## Excerpted data

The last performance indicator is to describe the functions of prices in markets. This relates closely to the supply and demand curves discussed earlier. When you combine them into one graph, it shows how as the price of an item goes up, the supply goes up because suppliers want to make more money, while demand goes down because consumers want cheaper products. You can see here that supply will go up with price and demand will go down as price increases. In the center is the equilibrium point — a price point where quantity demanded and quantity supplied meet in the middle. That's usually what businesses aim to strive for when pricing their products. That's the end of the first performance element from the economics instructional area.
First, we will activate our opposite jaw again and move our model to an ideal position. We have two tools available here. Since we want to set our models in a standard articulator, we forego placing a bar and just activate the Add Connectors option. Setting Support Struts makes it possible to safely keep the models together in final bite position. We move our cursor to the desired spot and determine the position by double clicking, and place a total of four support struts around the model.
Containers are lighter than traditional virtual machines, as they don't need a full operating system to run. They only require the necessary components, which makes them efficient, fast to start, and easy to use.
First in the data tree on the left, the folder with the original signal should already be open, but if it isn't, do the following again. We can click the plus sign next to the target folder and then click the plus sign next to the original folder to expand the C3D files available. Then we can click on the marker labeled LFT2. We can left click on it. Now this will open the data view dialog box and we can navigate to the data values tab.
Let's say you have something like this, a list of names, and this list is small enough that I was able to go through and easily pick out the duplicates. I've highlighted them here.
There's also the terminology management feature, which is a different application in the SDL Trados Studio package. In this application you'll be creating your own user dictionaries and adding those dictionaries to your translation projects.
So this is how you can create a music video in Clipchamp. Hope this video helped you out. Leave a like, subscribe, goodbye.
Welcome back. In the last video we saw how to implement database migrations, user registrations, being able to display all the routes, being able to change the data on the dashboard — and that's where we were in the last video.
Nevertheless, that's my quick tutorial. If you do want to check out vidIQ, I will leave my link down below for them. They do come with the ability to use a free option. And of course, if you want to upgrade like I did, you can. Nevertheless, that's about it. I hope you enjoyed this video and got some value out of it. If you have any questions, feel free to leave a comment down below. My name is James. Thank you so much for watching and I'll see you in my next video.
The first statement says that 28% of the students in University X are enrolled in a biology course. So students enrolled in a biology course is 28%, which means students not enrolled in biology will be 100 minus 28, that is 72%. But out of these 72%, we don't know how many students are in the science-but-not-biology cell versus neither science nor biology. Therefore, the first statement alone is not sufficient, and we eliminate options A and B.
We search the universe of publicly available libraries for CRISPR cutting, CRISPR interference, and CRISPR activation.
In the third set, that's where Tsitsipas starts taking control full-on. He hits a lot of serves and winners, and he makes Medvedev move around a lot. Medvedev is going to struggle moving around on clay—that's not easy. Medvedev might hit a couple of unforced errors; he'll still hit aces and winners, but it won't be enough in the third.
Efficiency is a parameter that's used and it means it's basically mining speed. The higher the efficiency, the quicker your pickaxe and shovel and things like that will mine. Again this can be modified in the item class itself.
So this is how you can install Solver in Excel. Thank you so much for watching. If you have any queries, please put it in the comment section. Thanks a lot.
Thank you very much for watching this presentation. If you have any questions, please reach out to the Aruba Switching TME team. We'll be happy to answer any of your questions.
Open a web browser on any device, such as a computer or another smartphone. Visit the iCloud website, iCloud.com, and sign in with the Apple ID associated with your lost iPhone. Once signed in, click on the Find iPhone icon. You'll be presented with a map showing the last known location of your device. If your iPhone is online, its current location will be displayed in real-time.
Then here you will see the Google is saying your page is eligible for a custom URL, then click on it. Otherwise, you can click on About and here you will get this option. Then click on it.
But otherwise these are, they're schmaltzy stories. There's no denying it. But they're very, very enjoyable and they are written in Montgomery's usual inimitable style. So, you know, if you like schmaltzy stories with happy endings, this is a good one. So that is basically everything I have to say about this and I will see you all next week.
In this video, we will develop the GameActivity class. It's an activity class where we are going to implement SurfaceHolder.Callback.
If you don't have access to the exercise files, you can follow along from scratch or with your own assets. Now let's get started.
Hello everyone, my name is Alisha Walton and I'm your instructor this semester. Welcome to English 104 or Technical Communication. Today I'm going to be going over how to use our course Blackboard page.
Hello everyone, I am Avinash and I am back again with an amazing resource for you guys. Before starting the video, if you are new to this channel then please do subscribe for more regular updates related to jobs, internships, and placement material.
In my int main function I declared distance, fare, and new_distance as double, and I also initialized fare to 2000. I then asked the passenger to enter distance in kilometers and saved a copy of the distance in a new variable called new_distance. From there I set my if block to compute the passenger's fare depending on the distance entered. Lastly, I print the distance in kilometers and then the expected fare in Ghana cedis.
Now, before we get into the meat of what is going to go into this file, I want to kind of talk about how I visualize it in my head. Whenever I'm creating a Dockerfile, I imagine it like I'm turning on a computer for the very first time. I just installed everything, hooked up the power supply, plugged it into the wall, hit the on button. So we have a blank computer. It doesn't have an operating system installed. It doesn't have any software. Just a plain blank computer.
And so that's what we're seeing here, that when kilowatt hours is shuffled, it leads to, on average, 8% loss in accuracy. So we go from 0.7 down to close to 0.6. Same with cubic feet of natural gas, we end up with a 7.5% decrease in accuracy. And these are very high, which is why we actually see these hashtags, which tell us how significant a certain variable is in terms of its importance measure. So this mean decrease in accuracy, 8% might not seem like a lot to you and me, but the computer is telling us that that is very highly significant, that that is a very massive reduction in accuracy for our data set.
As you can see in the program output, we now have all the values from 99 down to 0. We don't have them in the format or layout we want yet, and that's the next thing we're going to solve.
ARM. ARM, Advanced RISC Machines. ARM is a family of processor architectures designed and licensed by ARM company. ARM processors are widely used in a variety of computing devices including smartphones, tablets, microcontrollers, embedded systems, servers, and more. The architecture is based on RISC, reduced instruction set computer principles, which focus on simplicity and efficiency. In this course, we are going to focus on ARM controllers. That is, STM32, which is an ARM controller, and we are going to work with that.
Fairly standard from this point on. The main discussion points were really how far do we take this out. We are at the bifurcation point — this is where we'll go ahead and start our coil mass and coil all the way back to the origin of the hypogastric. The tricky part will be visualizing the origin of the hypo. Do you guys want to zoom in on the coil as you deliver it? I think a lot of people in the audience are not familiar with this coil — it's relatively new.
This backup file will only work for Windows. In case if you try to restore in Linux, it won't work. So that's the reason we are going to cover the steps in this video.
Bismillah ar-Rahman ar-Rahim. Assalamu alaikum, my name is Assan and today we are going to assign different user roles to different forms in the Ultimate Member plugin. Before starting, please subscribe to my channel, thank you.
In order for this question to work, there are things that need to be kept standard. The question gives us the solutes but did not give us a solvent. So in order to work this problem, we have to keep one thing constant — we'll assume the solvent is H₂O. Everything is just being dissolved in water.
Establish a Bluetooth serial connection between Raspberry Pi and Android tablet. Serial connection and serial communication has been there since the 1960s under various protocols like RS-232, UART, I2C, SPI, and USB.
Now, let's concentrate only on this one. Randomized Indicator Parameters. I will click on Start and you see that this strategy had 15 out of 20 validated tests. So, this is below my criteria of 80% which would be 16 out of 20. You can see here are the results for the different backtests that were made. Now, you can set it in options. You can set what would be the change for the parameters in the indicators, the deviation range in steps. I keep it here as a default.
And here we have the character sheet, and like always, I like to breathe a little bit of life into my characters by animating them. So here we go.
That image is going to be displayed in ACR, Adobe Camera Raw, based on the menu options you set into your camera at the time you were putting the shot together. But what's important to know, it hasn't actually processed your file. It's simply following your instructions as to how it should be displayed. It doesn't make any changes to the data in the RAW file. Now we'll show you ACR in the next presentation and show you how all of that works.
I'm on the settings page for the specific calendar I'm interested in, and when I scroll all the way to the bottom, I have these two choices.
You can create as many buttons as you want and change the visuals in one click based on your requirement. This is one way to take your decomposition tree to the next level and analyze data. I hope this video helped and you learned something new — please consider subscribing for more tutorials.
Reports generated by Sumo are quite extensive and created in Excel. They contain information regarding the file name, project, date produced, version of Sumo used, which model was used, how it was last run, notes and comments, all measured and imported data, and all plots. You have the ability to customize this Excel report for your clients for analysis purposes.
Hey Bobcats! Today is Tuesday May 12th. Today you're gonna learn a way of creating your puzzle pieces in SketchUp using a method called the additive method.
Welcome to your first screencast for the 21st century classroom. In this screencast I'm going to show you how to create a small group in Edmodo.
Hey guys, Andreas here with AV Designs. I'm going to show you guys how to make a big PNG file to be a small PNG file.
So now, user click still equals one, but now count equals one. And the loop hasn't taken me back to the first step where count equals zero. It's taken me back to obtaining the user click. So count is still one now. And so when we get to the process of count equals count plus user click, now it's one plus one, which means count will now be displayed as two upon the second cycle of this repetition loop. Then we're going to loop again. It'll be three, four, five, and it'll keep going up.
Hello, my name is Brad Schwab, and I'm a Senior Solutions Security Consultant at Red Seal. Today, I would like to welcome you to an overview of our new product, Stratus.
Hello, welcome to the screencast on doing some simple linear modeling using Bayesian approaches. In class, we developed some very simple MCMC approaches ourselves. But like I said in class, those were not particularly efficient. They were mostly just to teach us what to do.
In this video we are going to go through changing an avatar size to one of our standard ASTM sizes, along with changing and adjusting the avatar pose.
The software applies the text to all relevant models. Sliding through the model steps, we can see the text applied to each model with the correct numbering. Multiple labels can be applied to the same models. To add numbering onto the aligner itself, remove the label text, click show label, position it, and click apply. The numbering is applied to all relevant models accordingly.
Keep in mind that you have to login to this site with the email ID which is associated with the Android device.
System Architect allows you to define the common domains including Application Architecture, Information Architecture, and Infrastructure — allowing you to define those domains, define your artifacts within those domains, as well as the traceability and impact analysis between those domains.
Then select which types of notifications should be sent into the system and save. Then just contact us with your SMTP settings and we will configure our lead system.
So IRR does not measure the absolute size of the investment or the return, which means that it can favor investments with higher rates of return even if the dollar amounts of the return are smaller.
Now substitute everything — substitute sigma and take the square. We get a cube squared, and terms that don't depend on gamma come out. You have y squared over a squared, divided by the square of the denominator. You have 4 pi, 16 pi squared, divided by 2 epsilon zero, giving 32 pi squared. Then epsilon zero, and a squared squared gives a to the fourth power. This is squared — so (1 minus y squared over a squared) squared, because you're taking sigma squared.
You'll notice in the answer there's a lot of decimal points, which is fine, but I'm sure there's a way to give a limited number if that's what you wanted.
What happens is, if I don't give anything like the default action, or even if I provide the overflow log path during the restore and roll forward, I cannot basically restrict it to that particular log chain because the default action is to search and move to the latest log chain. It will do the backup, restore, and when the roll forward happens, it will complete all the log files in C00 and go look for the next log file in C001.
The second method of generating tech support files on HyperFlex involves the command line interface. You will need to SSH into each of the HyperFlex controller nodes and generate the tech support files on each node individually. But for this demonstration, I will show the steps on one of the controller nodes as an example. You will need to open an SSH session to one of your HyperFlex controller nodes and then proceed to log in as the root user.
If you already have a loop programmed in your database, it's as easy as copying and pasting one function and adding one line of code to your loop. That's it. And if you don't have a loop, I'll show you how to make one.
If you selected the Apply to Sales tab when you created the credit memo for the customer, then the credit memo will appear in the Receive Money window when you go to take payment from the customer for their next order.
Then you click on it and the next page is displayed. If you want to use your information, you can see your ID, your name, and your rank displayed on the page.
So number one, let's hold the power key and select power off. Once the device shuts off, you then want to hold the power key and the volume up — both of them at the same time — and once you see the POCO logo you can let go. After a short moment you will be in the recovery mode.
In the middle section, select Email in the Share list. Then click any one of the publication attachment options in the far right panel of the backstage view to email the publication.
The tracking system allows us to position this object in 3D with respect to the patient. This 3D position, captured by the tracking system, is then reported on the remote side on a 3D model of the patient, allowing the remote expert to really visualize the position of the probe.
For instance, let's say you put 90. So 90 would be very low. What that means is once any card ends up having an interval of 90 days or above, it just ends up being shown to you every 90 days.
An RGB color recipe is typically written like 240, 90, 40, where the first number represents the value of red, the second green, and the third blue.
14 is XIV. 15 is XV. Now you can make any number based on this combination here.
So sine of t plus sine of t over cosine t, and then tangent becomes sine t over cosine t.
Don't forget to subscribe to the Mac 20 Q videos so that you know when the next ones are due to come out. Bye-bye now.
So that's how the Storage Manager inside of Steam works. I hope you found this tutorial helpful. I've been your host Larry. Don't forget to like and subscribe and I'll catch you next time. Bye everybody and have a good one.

## Prompt
From the records above, print exactly the lines that run from the line with "Let's say you have" to the line with "So this is how you can create", inclusive.

## Answer to the problem
Let's say you have something like this, a list of names, and this list is small enough that I was able to go through and easily pick out the duplicates. I've highlighted them here.
There's also the terminology management feature, which is a different application in the SDL Trados Studio package. In this application you'll be creating your own user dictionaries and adding those dictionaries to your translation projects.
So this is how you can create a music video in Clipchamp. Hope this video helped you out. Leave a like, subscribe, goodbye.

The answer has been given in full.